Transcribe everything in the records exactly. Skip the images.
####################
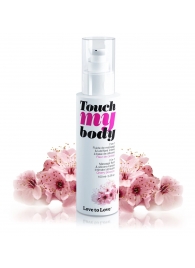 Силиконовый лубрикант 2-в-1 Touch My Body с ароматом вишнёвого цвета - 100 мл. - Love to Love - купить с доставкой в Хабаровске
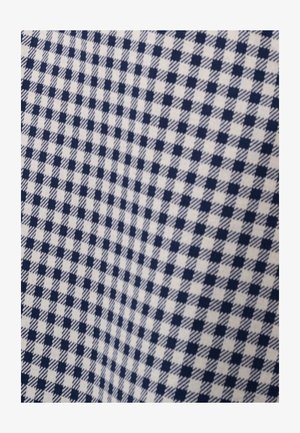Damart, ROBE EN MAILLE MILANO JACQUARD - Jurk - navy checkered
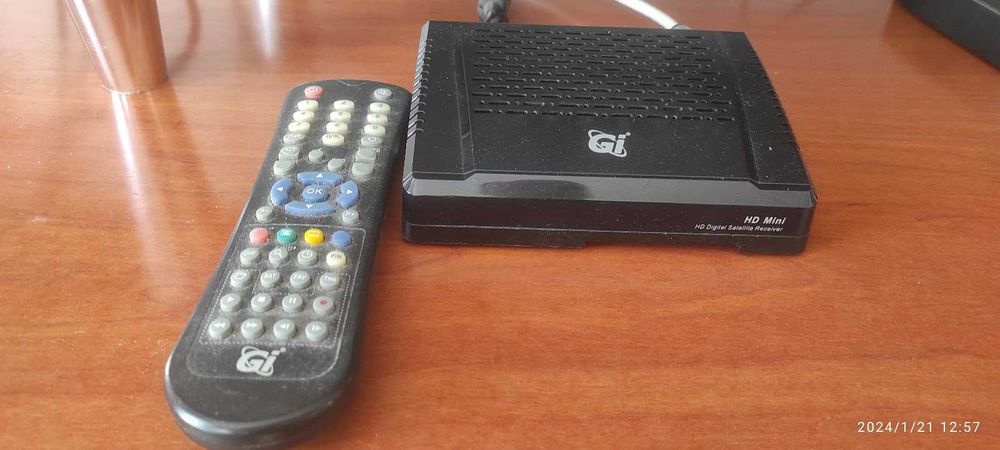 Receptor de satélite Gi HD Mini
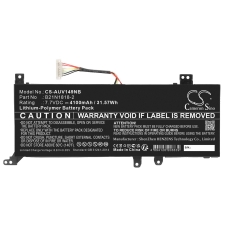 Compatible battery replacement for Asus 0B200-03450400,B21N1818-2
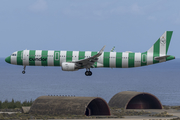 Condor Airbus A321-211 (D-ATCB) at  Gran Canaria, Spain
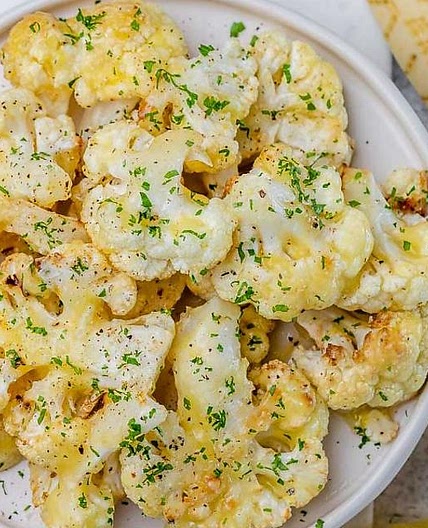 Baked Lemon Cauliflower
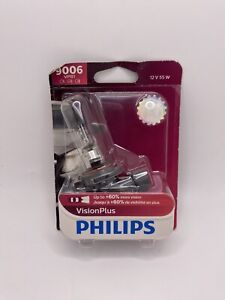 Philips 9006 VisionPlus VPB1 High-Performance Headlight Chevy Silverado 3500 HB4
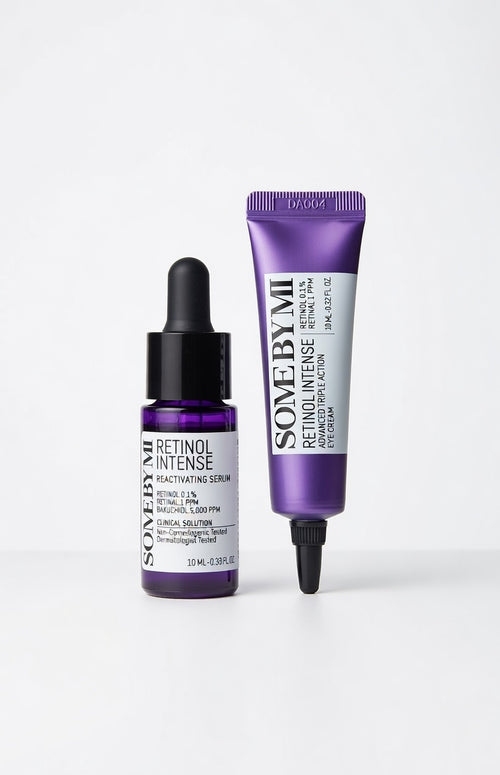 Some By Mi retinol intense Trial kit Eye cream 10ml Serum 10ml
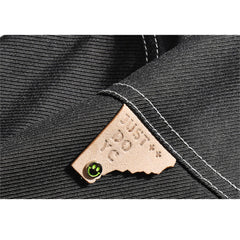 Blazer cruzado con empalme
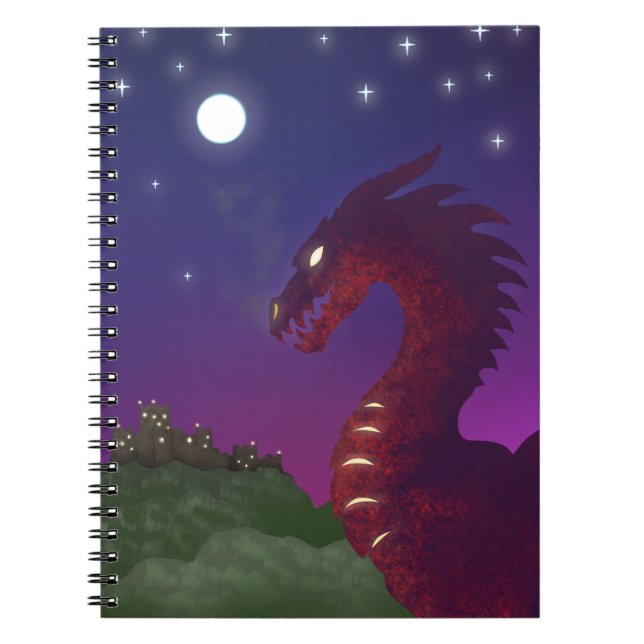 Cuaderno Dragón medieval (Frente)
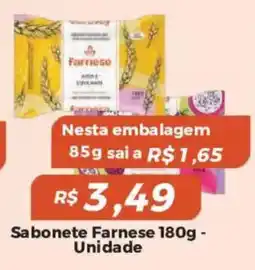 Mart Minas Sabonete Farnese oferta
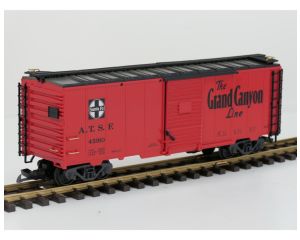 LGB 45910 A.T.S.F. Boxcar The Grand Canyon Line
####################
* RESPONSE:
 Силиконовый лубрикант 2-в-1 Touch My Body с ароматом вишнёвого цвета - 100 мл. - Love to Love - купить с доставкой в Хабаровске
Damart, ROBE EN MAILLE MILANO JACQUARD - Jurk - navy checkered
 Receptor de satélite Gi HD Mini
 Compatible battery replacement for Asus 0B200-03450400,B21N1818-2
 Condor Airbus A321-211 (D-ATCB) at  Gran Canaria, Spain
 Baked Lemon Cauliflower
 Philips 9006 VisionPlus VPB1 High-Performance Headlight Chevy Silverado 3500 HB4
 Some By Mi retinol intense Trial kit Eye cream 10ml Serum 10ml
 Blazer cruzado con empalme
 Cuaderno Dragón medieval (Frente)
 Mart Minas Sabonete Farnese oferta
 LGB 45910 A.T.S.F. Boxcar The Grand Canyon Line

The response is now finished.